Salome tra psicanalisi ed erotismo

Allestimento in chiave moderna del capolavoro di Richard Strauss al Teatro Filarmonico

Capolavoro musicale dello jugendstil, Salome di Richard Strauss ha concluso la stagione invernale del Teatro Filarmonico. Nonostante la vicenda sia ambientata nella Gerusalemme del primo secolo dopo Cristo, l’opera racchiude in sé le caratteristiche del decadentismo di fine ‘800 di cui è l’emblema. Strauss, nel musicare il dramma di Oscar Wilde, compone una musica che esalta la sessualità morbosa che lo pervade, in una partitura estremamente virtuosistica che all’epoca venne considerata fin troppo audace e suscitò più di una perplessità. Assurto ormai all’olimpo dei classici, questo titolo costituisce invece il primo tassello di quella rivoluzione in campo operistico che proseguì con le sconvolgenti e fino allora inaudite sonorità della successiva Elektra.

 

Questo allestimento, l’unico nuovo dell’appena conclusa stagione invernale della Fondazione Arena, era firmato per la regia da Marina Bianchi, che interpreta la vicenda in chiave erotico-psicanalitica, ambientandola in una dimensione atemporale. Se infatti le scene di Michele Olcese rimandano ad un palazzo di stile classico, ornato da colonne, gli arredi rimandano alla Vienna della Secessione mentre i costumi di Giada Masi che includono sia gli anfibi e le magliette a rete degli armigeri che la tunica di Erode, non sono filologicamente riconducibili ad un’epoca precisa. La regista, che inserisce anche una danzatrice a creare una sorta di doppio di Salome, insiste molto sulla componente erotica della vicenda, sottolineando il desiderio morboso di Erode nei confronti della figlia adottiva e abbozzando relazioni omosessuali sia tra il Paggio e Narraboth che tra le due androgine ragazze che fungono da guardia del corpo di Salome. In netto contrasto incombe la figura di Jochanaan il cui volto viene proiettato sul fondale ogni volta che se ne sente la voce dall’interno della prigione. Soluzione che non aggiunge molto, come peraltro abbastanza didascalico è apparso in generale l’uso delle videoproiezioni in questo allestimento.

 

Il ruolo del titolo era interpretato da una carismatica Nadja Michael, che, seppur non sempre a suo agio nel registro acuto, si è distinta per un fraseggio espressivo ed una fisicità notevole che le ha permesso di costruire un personaggio crudelmente sensuale che ha avuto il suo apice nella danza dei sette veli.
Ottima l’Erodiade di Anna Maria Chiuri, che, in una forma vocale smagliante, ha delineato una figura altera, regale ed elegantissima nel suo costume nero, cui si contrapponeva il convincente Erode di Kor-Jan Dusseljee. Vocalmente autorevole anche se non sempre scenicamente convincente Lo Jochanaan di Fredrik Zetterström, mentre ben risolto era il Narraboth di Enrico Cesari. Nicola Pamio, Pietro Picone, Giovanni Maria Palmia, Paolo Antognetti e Oliver Pürckhauer si sono ben disimpegnati nel ruolo dei cinque Giudei, come anche Belén Elvira in quello del paggio.

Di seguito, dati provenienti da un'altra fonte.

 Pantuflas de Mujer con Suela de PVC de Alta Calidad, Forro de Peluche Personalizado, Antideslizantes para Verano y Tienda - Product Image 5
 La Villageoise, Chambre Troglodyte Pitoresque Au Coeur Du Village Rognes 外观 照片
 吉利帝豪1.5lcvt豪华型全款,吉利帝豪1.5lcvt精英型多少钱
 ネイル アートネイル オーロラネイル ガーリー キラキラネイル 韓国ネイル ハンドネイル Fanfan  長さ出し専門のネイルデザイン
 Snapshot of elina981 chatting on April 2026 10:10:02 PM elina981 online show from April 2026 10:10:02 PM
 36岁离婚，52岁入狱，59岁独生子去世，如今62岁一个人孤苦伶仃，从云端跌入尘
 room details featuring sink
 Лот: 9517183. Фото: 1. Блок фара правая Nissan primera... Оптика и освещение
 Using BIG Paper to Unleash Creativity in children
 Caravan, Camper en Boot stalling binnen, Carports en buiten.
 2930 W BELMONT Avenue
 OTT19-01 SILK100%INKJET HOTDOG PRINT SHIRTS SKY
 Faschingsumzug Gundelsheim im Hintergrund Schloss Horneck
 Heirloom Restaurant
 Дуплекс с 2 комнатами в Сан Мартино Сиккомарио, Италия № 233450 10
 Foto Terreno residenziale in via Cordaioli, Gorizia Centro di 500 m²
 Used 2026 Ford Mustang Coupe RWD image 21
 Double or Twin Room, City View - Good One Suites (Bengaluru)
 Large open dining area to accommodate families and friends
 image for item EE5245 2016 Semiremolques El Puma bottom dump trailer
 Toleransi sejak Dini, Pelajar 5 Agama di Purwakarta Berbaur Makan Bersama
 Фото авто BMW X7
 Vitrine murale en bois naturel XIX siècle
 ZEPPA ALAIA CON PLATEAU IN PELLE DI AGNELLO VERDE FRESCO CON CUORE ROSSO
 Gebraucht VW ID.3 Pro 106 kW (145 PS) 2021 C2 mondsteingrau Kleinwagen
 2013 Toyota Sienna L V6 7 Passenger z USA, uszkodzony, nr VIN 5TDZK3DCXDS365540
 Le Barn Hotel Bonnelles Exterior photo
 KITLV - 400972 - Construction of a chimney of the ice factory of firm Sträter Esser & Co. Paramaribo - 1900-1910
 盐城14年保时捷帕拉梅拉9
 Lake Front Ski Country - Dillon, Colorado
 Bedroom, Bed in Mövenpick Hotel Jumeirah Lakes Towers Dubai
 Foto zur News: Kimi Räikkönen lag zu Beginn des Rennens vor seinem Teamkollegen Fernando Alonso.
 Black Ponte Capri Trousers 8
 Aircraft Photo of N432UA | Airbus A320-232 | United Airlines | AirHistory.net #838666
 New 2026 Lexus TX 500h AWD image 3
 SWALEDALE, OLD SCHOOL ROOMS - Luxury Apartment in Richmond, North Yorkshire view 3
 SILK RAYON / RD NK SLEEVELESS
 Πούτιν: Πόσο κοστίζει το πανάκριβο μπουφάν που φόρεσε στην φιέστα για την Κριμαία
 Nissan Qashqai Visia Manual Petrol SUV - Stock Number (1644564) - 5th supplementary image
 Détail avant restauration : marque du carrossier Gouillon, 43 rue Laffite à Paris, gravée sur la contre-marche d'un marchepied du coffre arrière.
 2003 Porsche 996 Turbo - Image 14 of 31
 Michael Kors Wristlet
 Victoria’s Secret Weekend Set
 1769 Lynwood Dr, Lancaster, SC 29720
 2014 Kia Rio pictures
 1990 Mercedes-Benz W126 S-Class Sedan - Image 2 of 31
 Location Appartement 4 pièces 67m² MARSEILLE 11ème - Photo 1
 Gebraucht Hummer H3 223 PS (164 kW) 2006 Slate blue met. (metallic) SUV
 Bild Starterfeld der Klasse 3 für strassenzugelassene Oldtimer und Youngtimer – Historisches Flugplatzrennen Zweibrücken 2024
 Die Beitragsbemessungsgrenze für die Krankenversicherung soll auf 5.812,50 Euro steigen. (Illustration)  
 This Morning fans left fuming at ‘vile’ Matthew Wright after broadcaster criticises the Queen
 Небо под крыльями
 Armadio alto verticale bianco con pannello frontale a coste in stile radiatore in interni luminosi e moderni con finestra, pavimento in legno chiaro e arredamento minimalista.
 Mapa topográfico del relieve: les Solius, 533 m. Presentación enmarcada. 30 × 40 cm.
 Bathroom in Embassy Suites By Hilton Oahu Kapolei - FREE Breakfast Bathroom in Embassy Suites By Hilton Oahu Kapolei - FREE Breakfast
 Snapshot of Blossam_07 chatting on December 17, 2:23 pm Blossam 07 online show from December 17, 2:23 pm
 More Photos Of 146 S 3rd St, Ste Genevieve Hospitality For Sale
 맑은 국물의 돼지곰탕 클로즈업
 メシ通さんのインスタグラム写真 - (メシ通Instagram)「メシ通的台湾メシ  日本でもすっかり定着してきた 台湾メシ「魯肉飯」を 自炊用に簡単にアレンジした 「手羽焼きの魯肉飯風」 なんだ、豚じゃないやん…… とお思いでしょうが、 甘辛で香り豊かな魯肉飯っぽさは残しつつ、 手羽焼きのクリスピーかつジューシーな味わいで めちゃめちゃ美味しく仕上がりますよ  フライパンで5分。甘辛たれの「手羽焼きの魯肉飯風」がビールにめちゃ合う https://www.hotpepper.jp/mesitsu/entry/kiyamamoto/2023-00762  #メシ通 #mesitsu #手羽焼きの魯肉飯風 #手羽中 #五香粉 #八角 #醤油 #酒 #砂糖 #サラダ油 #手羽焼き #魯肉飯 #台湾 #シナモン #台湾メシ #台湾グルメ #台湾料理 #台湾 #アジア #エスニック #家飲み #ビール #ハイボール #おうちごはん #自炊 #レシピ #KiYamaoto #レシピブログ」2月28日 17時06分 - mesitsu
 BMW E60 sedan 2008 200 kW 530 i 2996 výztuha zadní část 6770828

Sul podio Michael Balke ha optato per dinamiche estremamente accentuate, puntando su tinte corrusche ed un taglio marcatamente espressionista, ottenendo risultati interessanti, nonostante il titolo, rappresentato al Filarmonico l’ultima volta nel 2000, non sia tra quelli più frequentati dall’Orchestra della Fondazione Arena.
Il pubblico ha risposto calorosamente tributando applausi convinti a tutto il cast.